Speaking in early May at
the
“Who ‘Owns’ Haiti?”
symposium at George Washington’s Elliot School
of International Affairs, Colin Granderson, the
head of the CARICOM-OAS Electoral Mission in
Haiti in 2010-2011 confirmed previous accounts
that the international community tried to force
then-president René Préval from power on
election day.
That the
international community had “offered” President
Préval a plane out of the country during Haiti’s
chaotic first-round election in November 2010
was first
revealed by Ricardo
Seitenfus, the former OAS Special
Representative to Haiti. Seitenfus subsequently
lost his position with the OAS, but Préval
himself soon confirmed the story,
telling author Amy
Wilentz: “‘At around noon, they
called me,’ he said in an interview at the
palace recently. ‘It’s no longer an election,’
they told me. ‘It’s a political problem. Do you
want a plane to leave?’ I don’t know how they
were going to explain my departure, but I got
rid of that problem for them by refusing to go.
I want to serve out my mandate and give the
presidency over to an elected president.”
Despite
accounts of the story from three different
high-level sources who were there, the story has
gained little international traction in the
media.
In filmmaker
Raoul Peck’s documentary “Fatal Assistance,”
Préval
revealed
that it was the head of the UN mission in Haiti
at the time, Edmond Mulet, who made the threat.
(Seitenfus recently offered his recollection of
discussions with Mulet and other high-level
officials that day in an
exclusive interview
with CEPR and freelance Georgianne Nienaber.)
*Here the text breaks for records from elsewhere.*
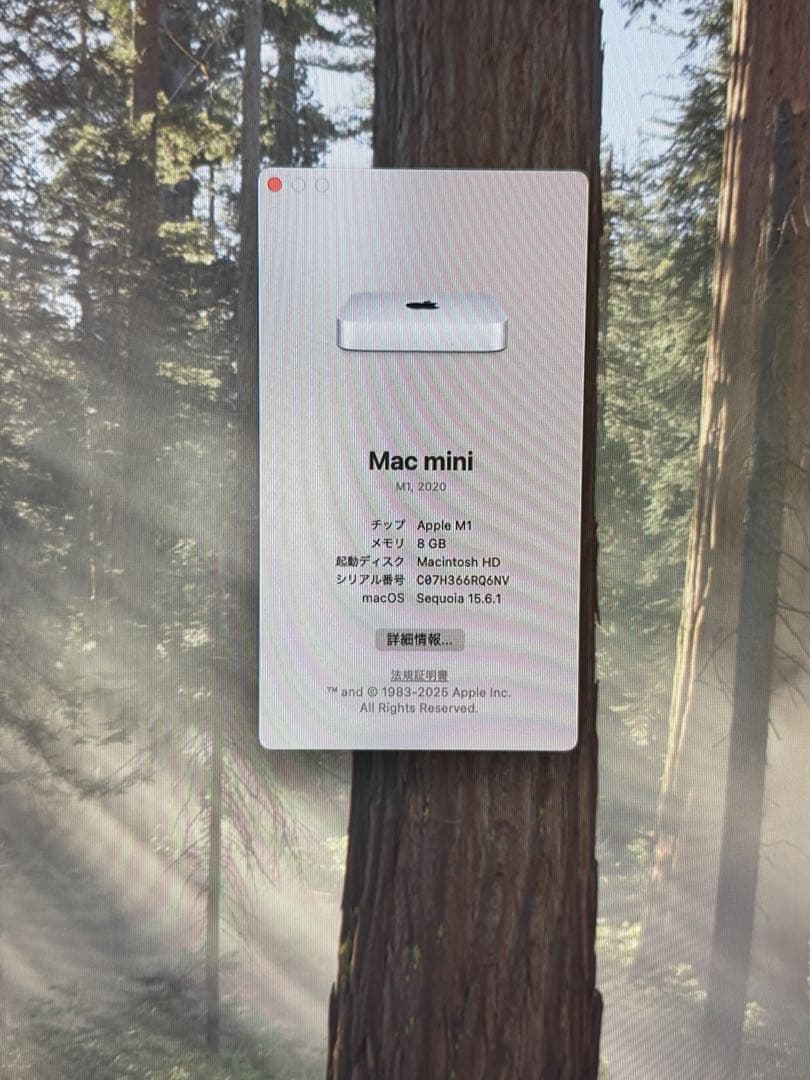 Mac mini M1 本体　純正キーボード　トラックパッド　マウス　フルセット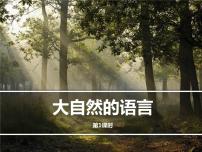 初中语文5 大自然的语言教学ppt课件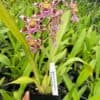 Wilsonara Tan Treasures ‘Lavender Picotee’ Oncidium Orchid 4" Pot Blooming size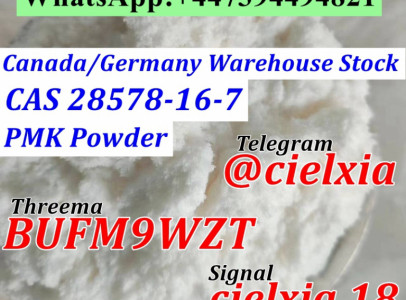 CAS 28578-16-7 PMK Ethyl Glycidate PMK Powder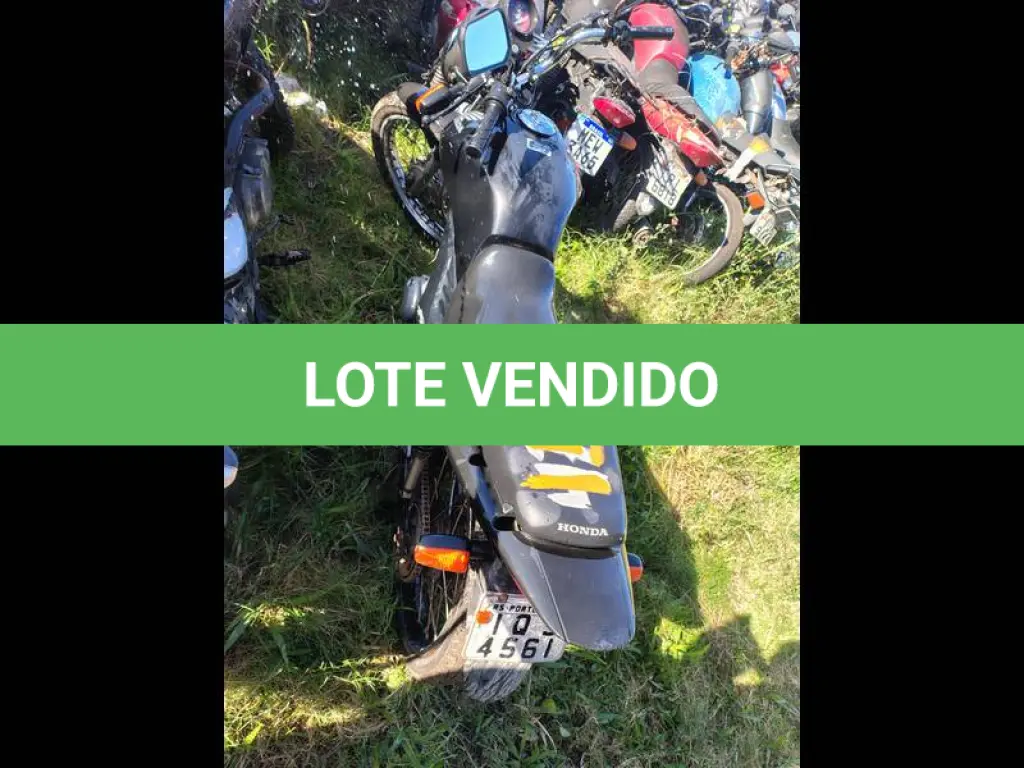 LOTE 0151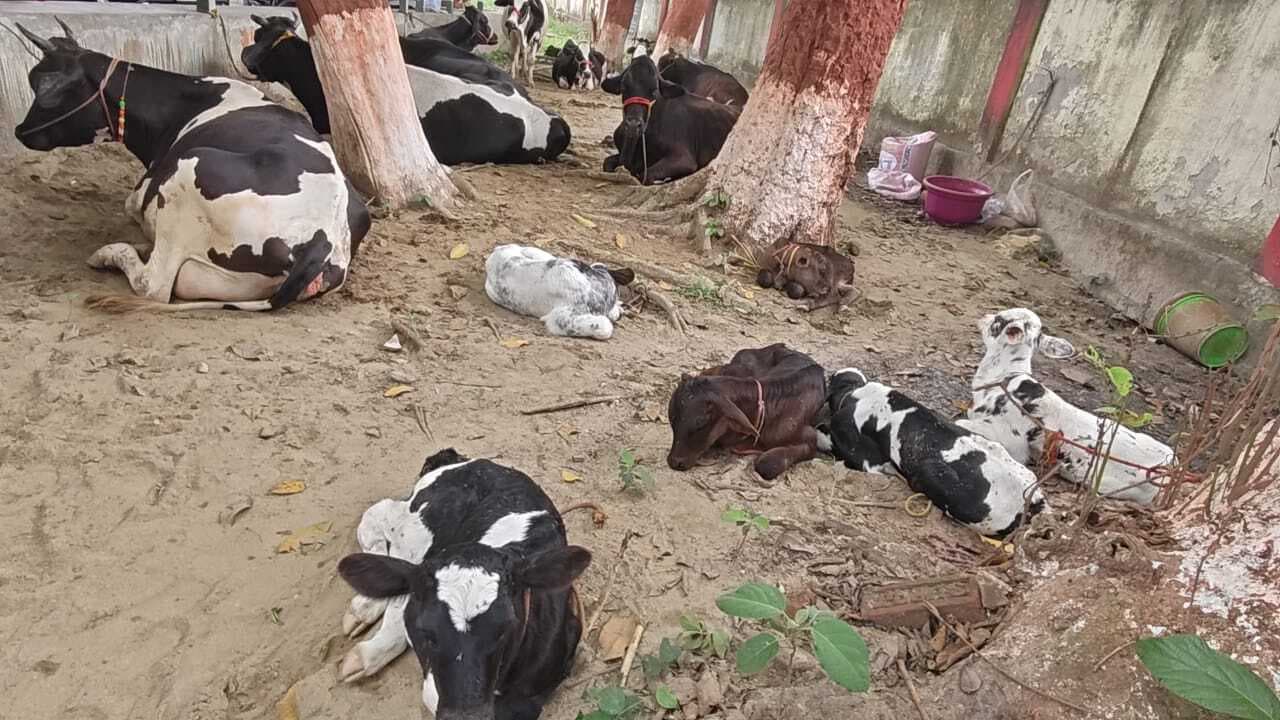 28 मवेशी जब्त, दो तस्कर गिरफ्तार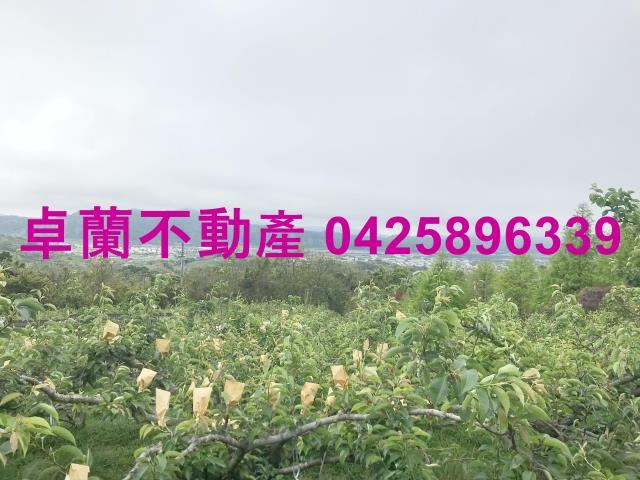 苗栗農地-2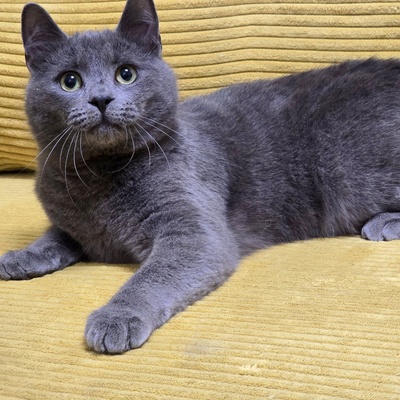 Kater Balu möchte Deine Welt erobern, EKH Jungtier - Kater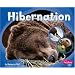 Hibernation (Pebble Plus)
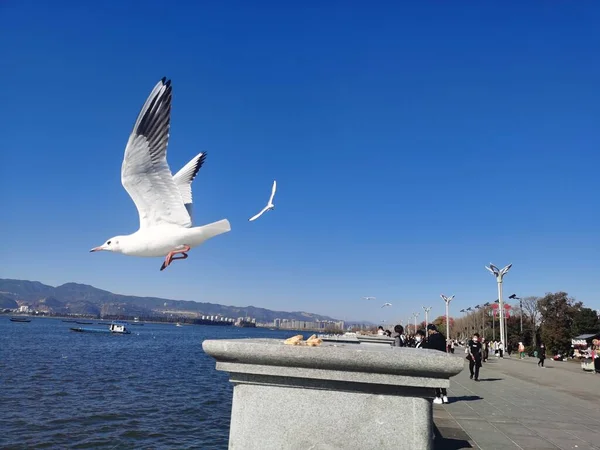 Martı Denizin Üzerinde Uçuyor — Stok fotoğraf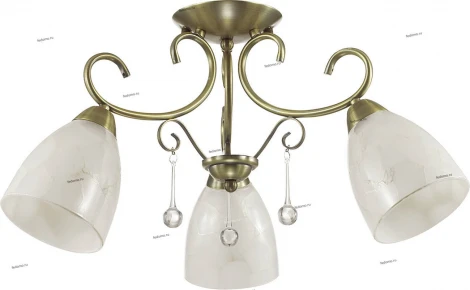 Потолочная люстра Lumion Eleconca 3511/3C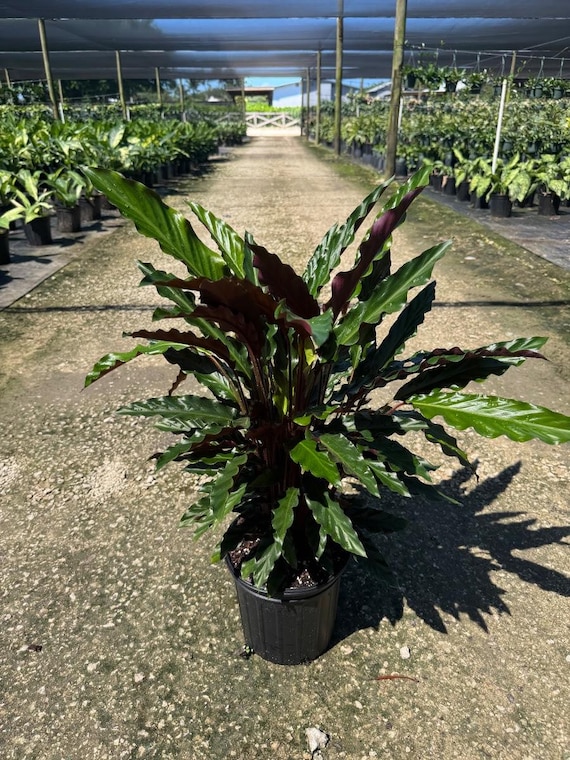 Velvet Calathea Rufibarba | Feather Prayer Plant | Live Indoor Outdoor  Tropical Houseplant | Home Office Decor | Easy Care in 6" and 8" Pot - Etsy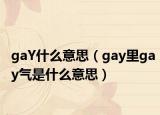 gaY什么意思（gay里gay气是什么意思）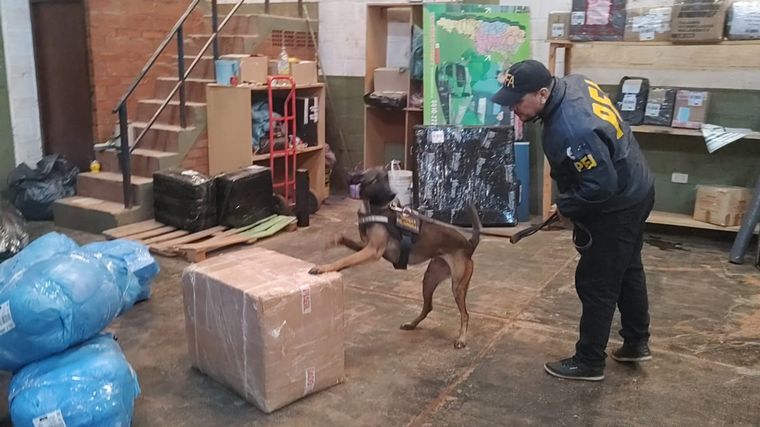 Secuestran más de 650 kilos de marihuana que era enviada en encomiendas. (PFA)
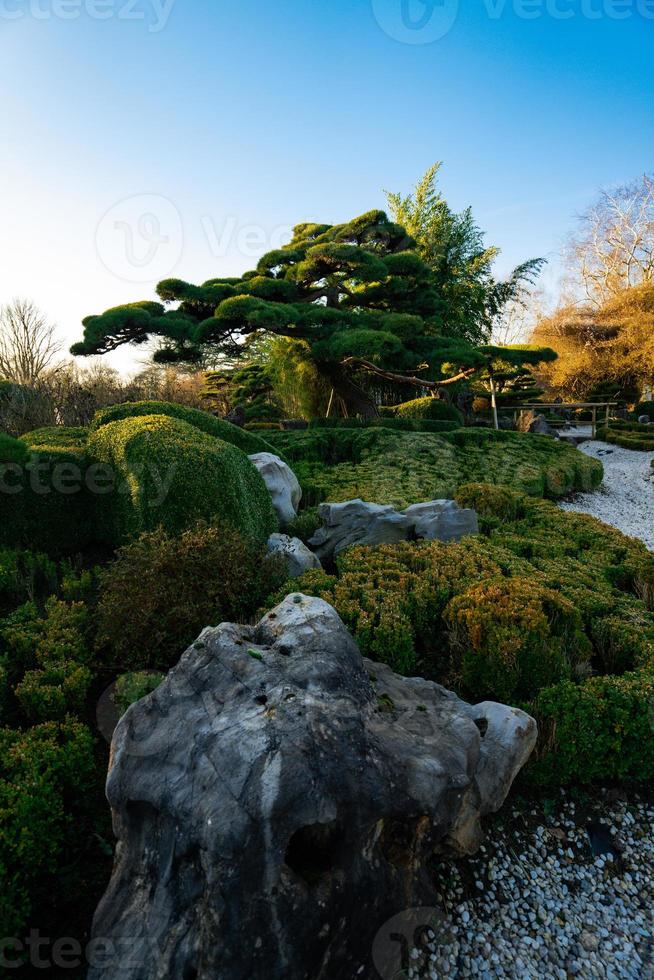 maestoso alberi nel un' Cinese giardino durante primavera foto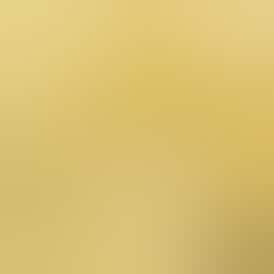 Rugged Roots+Tripp's | Lemoncello Gummies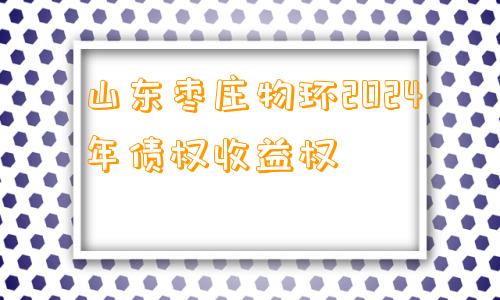 山东枣庄物环2024年债权收益权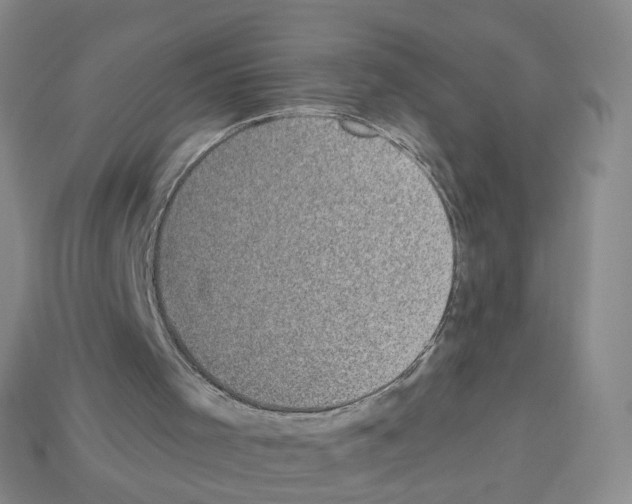 X0000112820001200910021211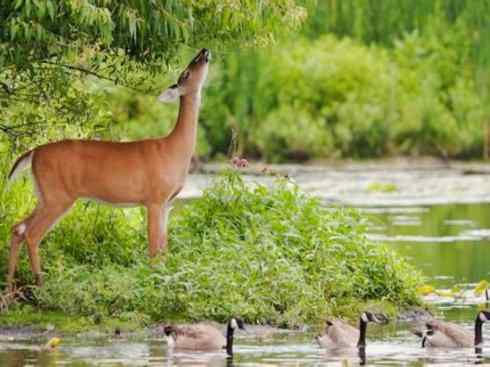 麒麟：传说的兽原型探秘（白尾鹿）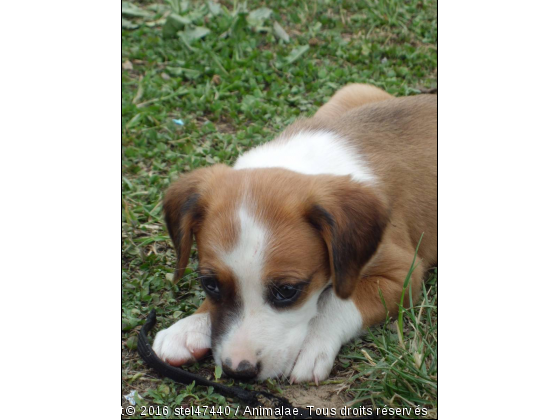 bébé chiots - Photo de Chiens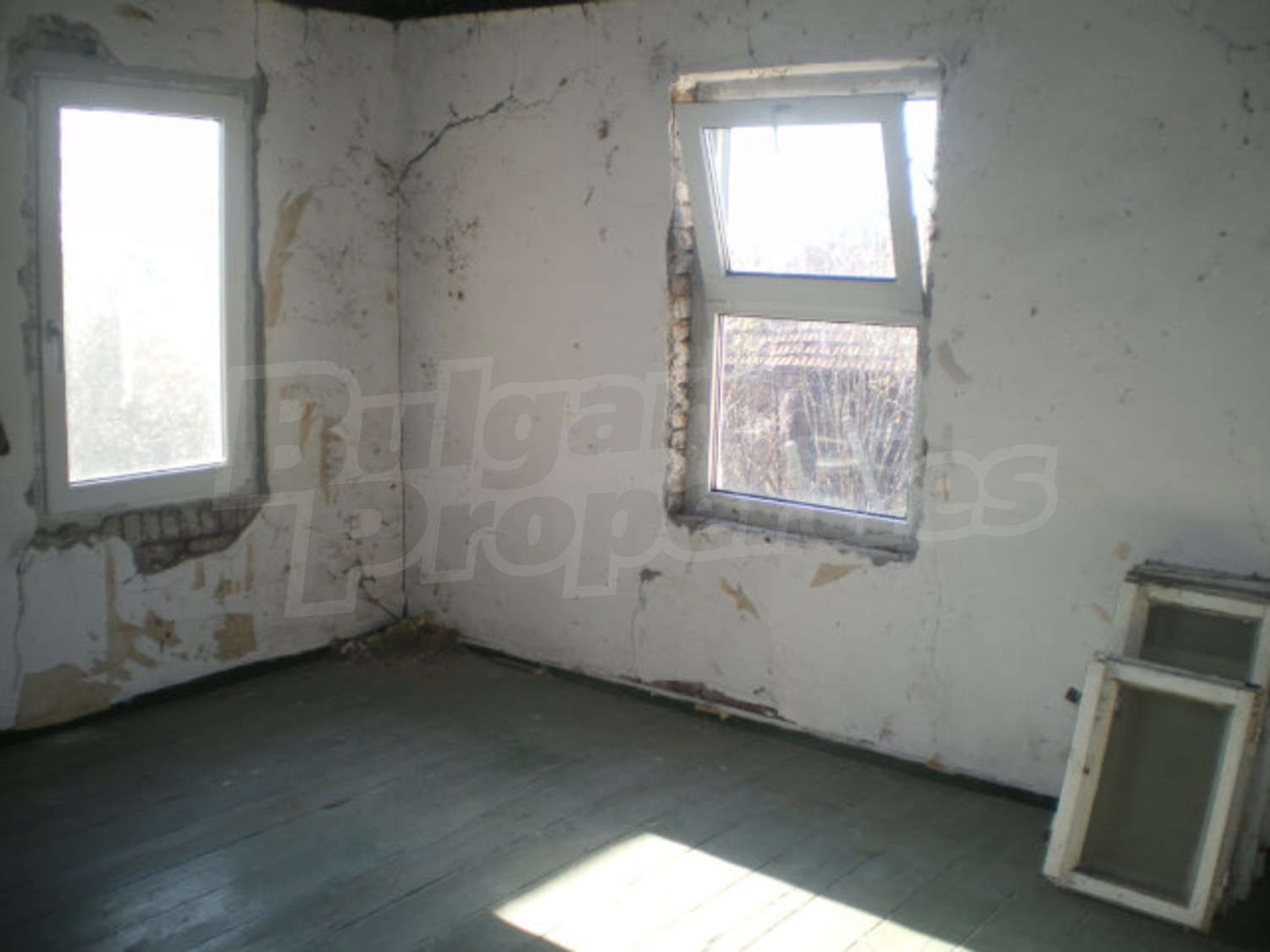 Gallery Picture 8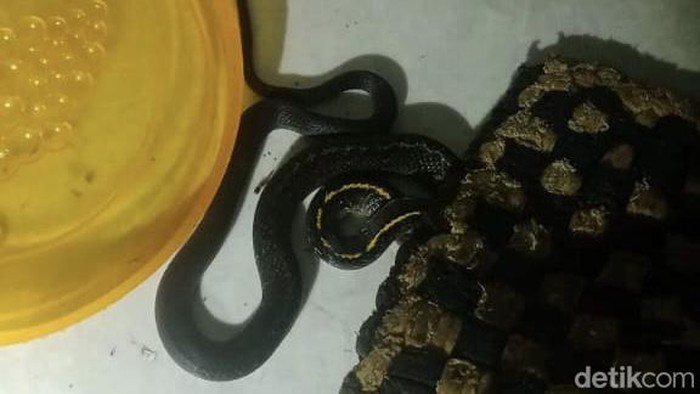 Ular yang ditemukan di salah satu dapur rumah warga Bandung.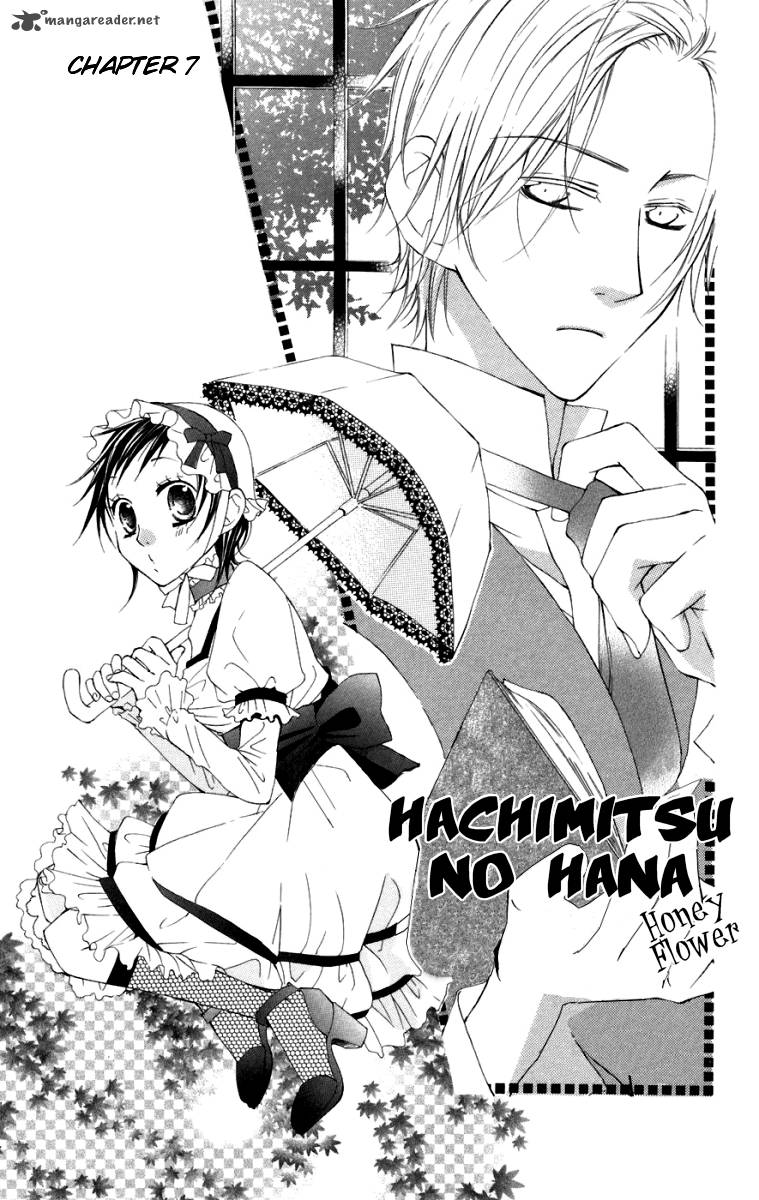 Hachimitsu No Hana Chapter 7 Page 3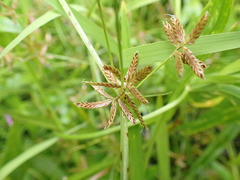 Cyperus diandrus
For his part, Mulet categorically denied the
event,
telling Catherine
Porter of the Toronto Star: “I never
said that, he never answered that,” Mulet told
the Star when asked about Préval’s allegation.
“I was worried if he didn’t stop the fraud and
rioting, a revolution would force him to leave.
I didn’t have the capability, the power or the
interest of putting him on a plane.”
The election,
plagued by record-low turnout, problems with
voter registration and
massive irregularities,
was in doubt on election day when, around noon,
12 of 18 presidential candidates held a press
conference calling for the election to be
cancelled. Speaking at last month’s symposium,
Granderson discussed what happened next:
“The
international community intervened, working with
representatives of the private sector, and
managed to get two of the candidates to reverse
themselves, to renege on their commitment, and
this rescued the electoral process. But what I
think was most unsettling, was that following
this attempt to have these elections cancelled,
was the intervention of certain members of the
international community basically calling on
President Préval to step down.”
This wouldn’t
be the end of the international community’s
intervention in the electoral process. After
first-round results were announced showing
Mirlande Manigat and Préval’s successor Jude
Célestin moving on to the second round, a team
from the OAS was brought in to analyze the
results. Despite having
no statistical evidence,
and instead of cancelling the elections, the OAS
team overturned the first round results,
replacing Célestin in the second round with
Michel Martelly. Seitenfus has described in
detail how this intervention was carried out, in
his
recent interview
with CEPR and in his forthcoming book,
International Crossroads and Failures in Haiti.